--- WHAT IS BEING ASKED ---
The answer is the exact run of lines in the listing below from the line containing "8 May 2026;" up to and including the line containing "Gold Coast 2", with pictures removed.

--- DATA SECTION ---
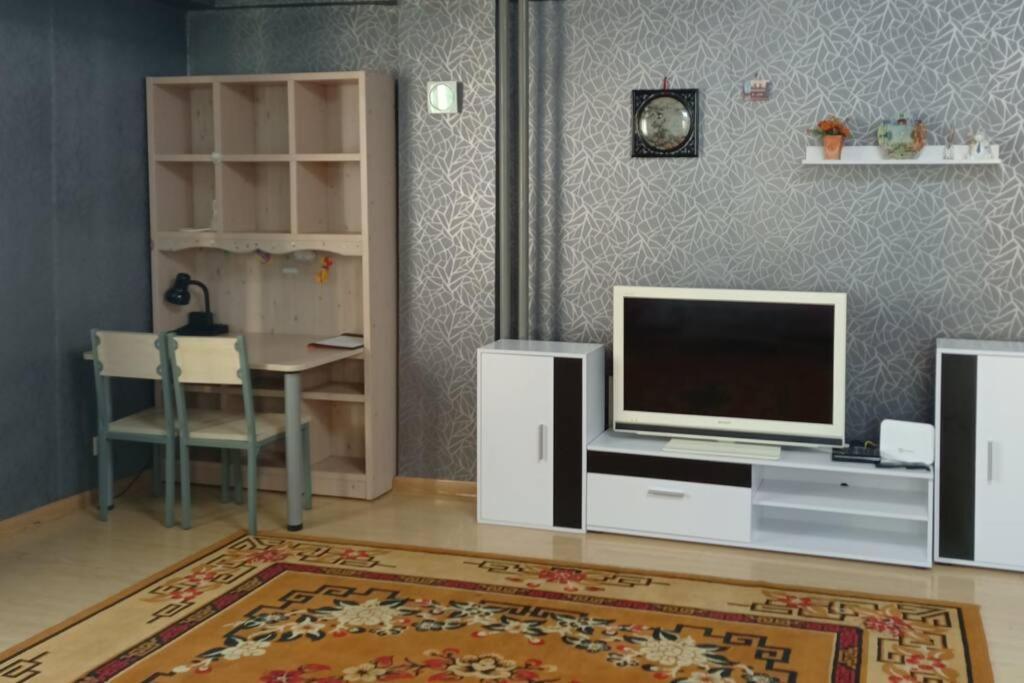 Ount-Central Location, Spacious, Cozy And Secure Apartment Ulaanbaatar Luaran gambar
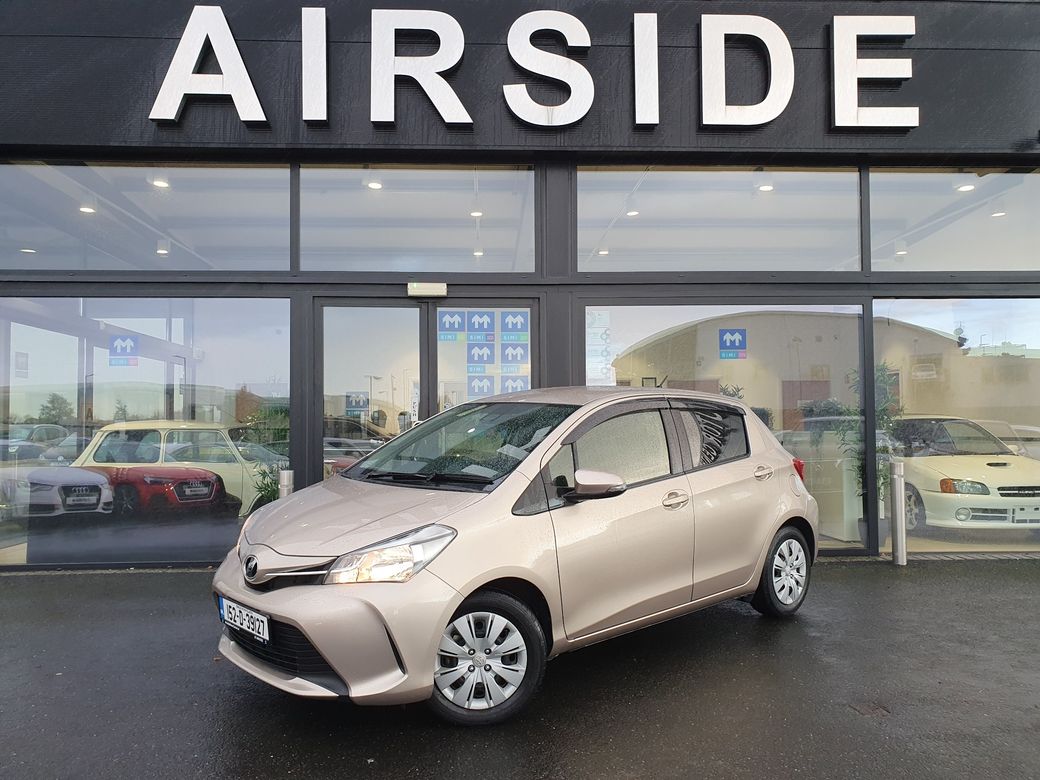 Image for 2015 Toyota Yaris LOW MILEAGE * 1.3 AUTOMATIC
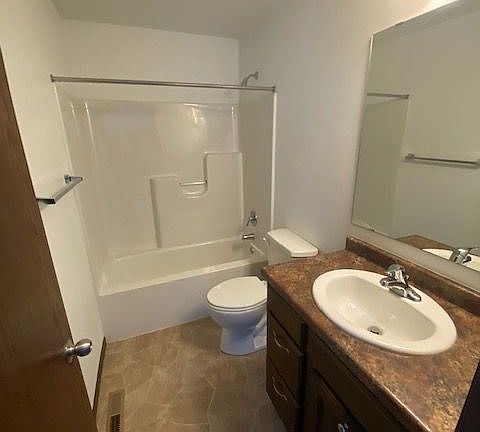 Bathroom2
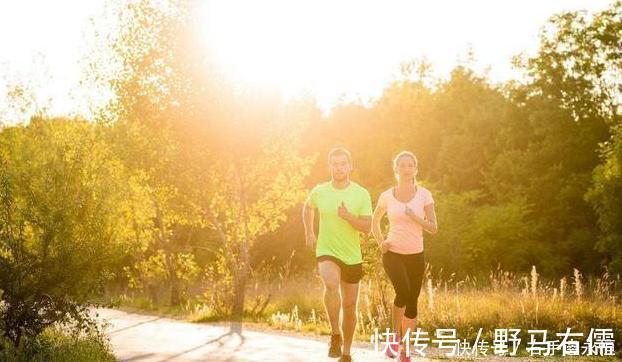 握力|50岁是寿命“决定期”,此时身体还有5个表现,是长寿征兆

--

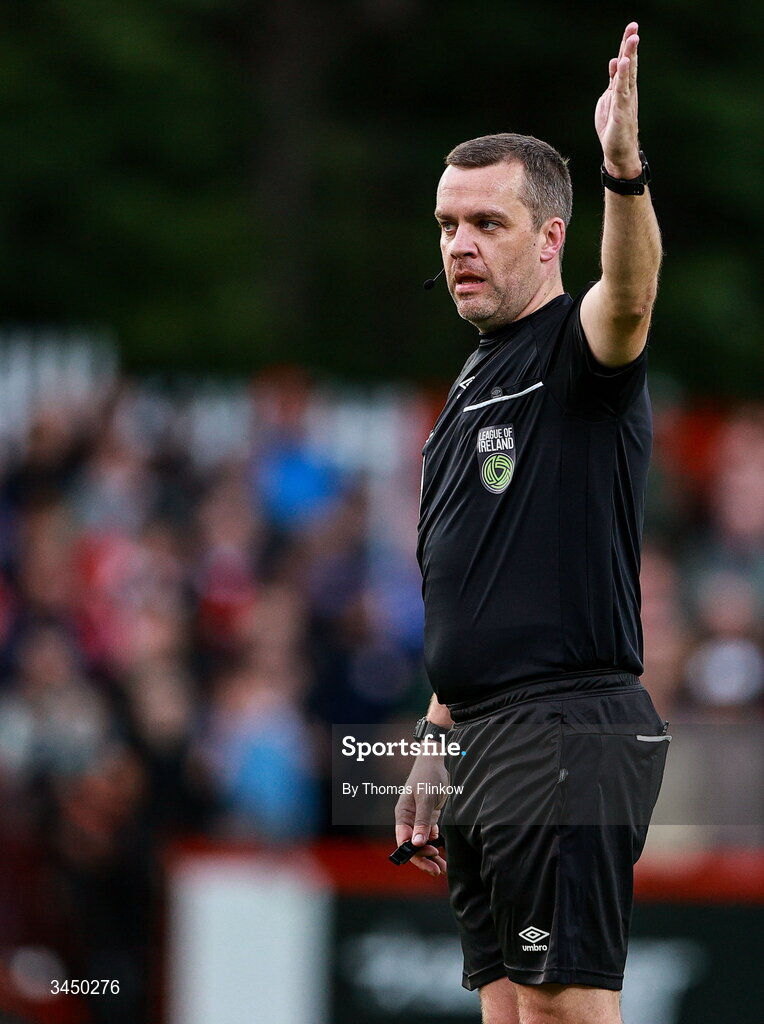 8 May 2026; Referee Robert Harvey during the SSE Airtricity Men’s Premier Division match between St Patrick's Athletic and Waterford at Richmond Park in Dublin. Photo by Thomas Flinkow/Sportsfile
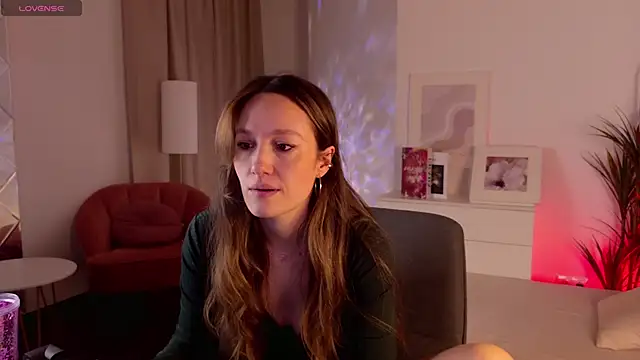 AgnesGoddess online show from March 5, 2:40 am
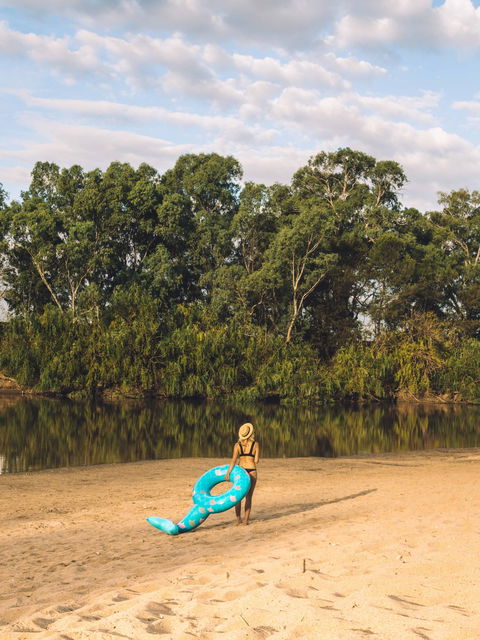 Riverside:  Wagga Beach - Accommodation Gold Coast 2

--- EXPECTED ANSWER ---
 8 May 2026; Referee Robert Harvey during the SSE Airtricity Men’s Premier Division match between St Patrick's Athletic and Waterford at Richmond Park in Dublin. Photo by Thomas Flinkow/Sportsfile
 AgnesGoddess online show from March 5, 2:40 am
 Riverside:  Wagga Beach - Accommodation Gold Coast 2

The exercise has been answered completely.